During the final months of 2013, we were busy with a wide variety of projects. We curated the new image of Adagio, a quality chocolate maker; restyled the image of Opi Group, a company specializing in services and products for safety at the workplace; and came up with the image for the Gruppo Zecchetto, makers of sports equipment. The diversity of our clients helps to make our job more interesting, offering the opportunity to explore new areas and making repetition and boredom impossible. (In the meantime, our work has also been awarded a major prize from Gourmand Cookbook Awards: Best Cookbook In Italy 2013).
The end of last year also marked the beginning of a collaboration with Anna Fendi for the global launch of her new home and the hotel line. In addition to giving us the opportunity to make regular visits to Rome (both the most eternal and beautiful city in the world), the collaboration has allowed us to work with a person who beautifully manages to combine charisma, strength, elegance, luxury and modesty; an entirely unexpected mix, since she is one of the biggest names in the fashion world (an environment notorious for ego and arrogance). But what is most striking about Anna Fendi is her particular vision of time: she is able combine the past, lived as if it were still alive and active, with the future, not ideal or hypothetical, but practical, precise and concrete. Almost as if the two entities (past and future) were always a whole for her; something to hold together to ensure that this does indeed make sense. It’s amazing to take in such continuity, which becomes strength and confidence in a person who could easily live off of past glories. But the secret that I think I've learned is this: for her, glories are truly in the past, what remains alive, and therefore active, it is only the work that led to glory. Therefore what is active is not the glory, but the process that generated it. There is only the cause: the work, work made based on confidence, courage, duty, perseverance, brotherhood and creativity. I think she gets her unusual modesty, friendliness, serenity of her gaze, and faith in her work and in the future.

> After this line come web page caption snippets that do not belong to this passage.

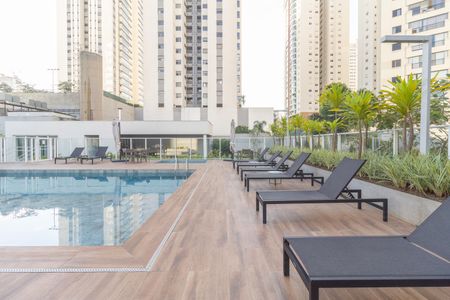 Apartamento à venda com 69m², 2 quartos e 2 vagasÁrea comum - Piscina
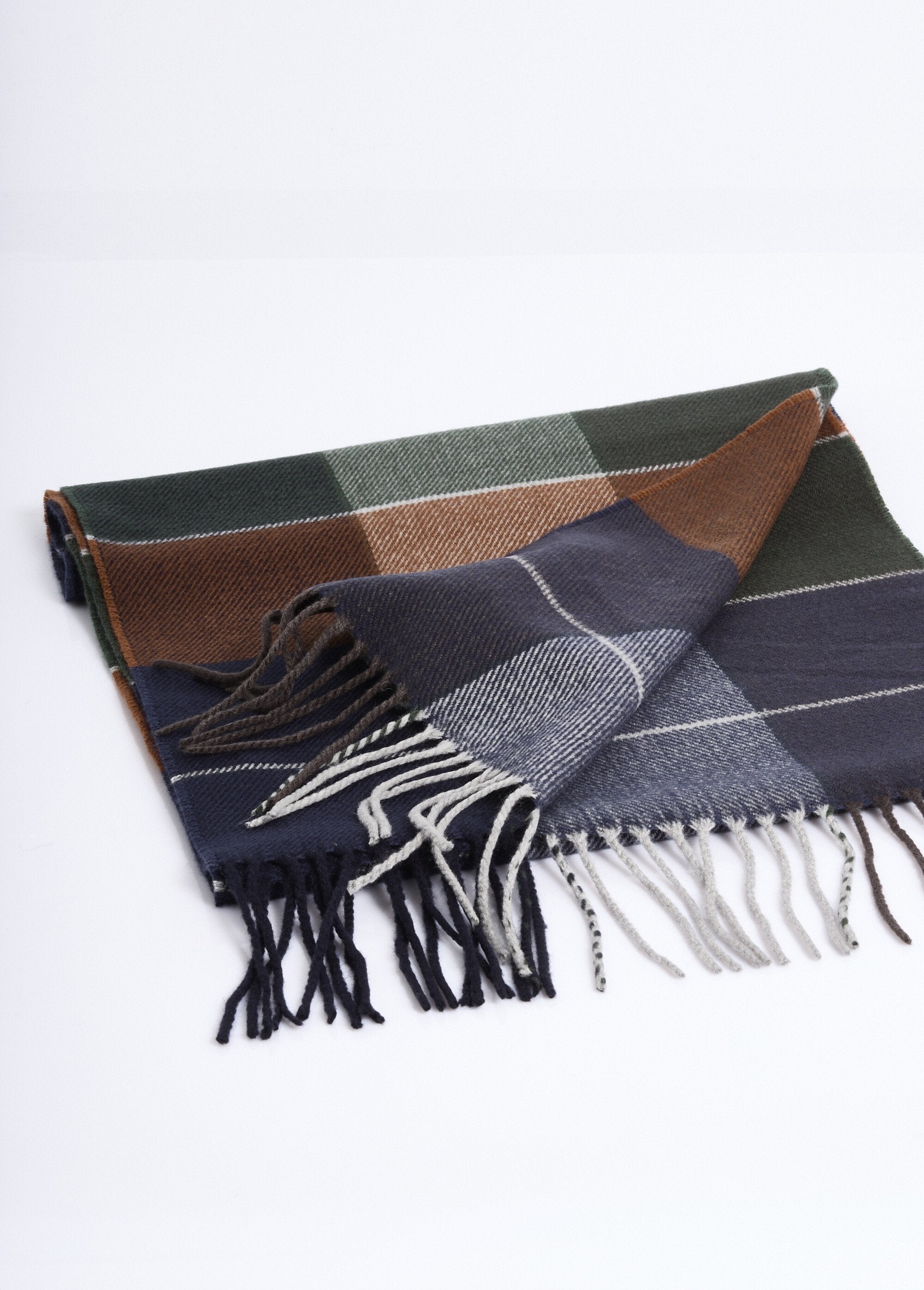 Multicolored_plaid_scarf_Blue_tiles_DE1_slim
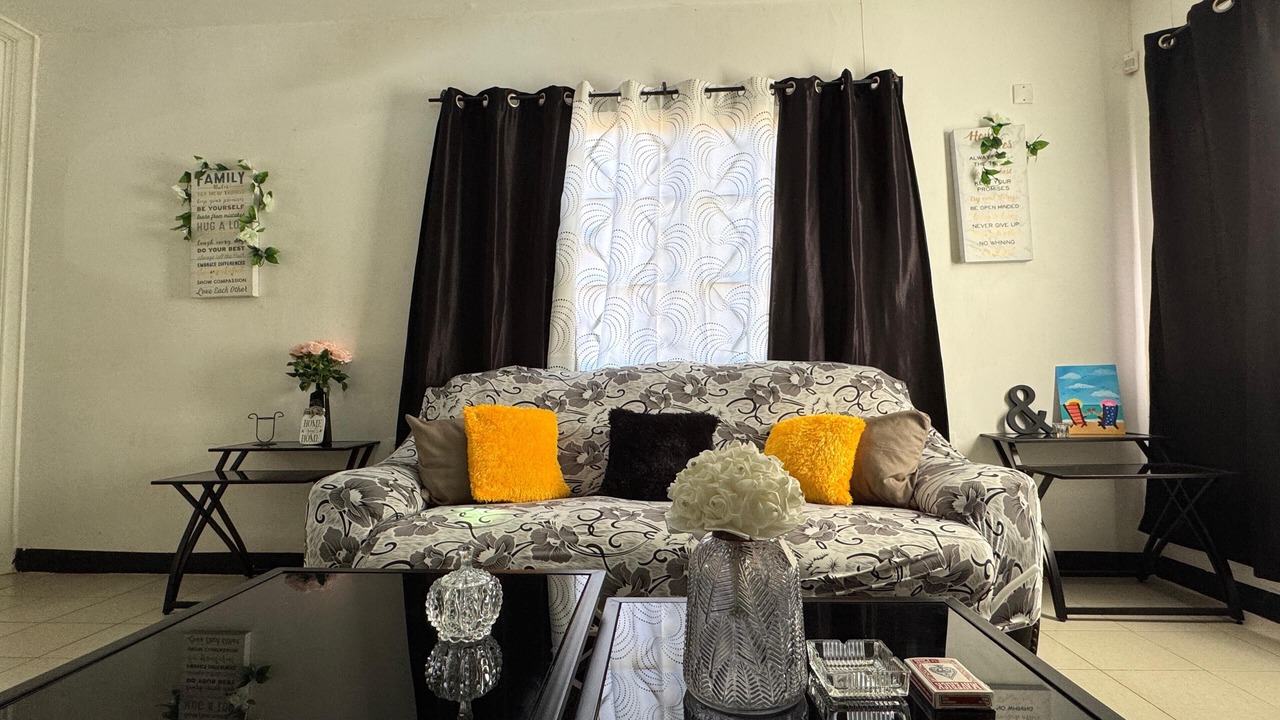 Photo of Livingroom in Spanish Town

Meeting Anna reminds me of something I read by Ermanno Bencivenga. In a recent article on the statue of the emperor Tiberius on view at the Getty Museum in Malibu, he discussed the past in surprising terms, at least in what seemed to be surprising terms. Starting from the structure of time, which provides an open future and a fixed and immutable past, he comes to demonstrate the contrary: the only past that really matters to us, is our own experience, which changes constantly. Rather than fixed and immutable, lived once and for all! Every human being is the author not only of their present and future but also their past, because we are able to "interpret" it; the past can therefore be re-built day after day. It's a dizzying point of view, but I think it's also the only way to experience the past as active experience without being overwhelmed, i.e. without the failures have to bring us down, or achievements that exalt beyond measure. This way we are able to remember daily the causes of a success or a failure, disabling adverse effects: the memory of past glory (which would only lead to futile pride) or the memory of defeats (which only lead to resentment).
In a world that worships the "cult of oblivion" with arrogance and stupidity, the lessons of Anna Fendi and Ermanno Bencivenga seem beautiful (and full of style).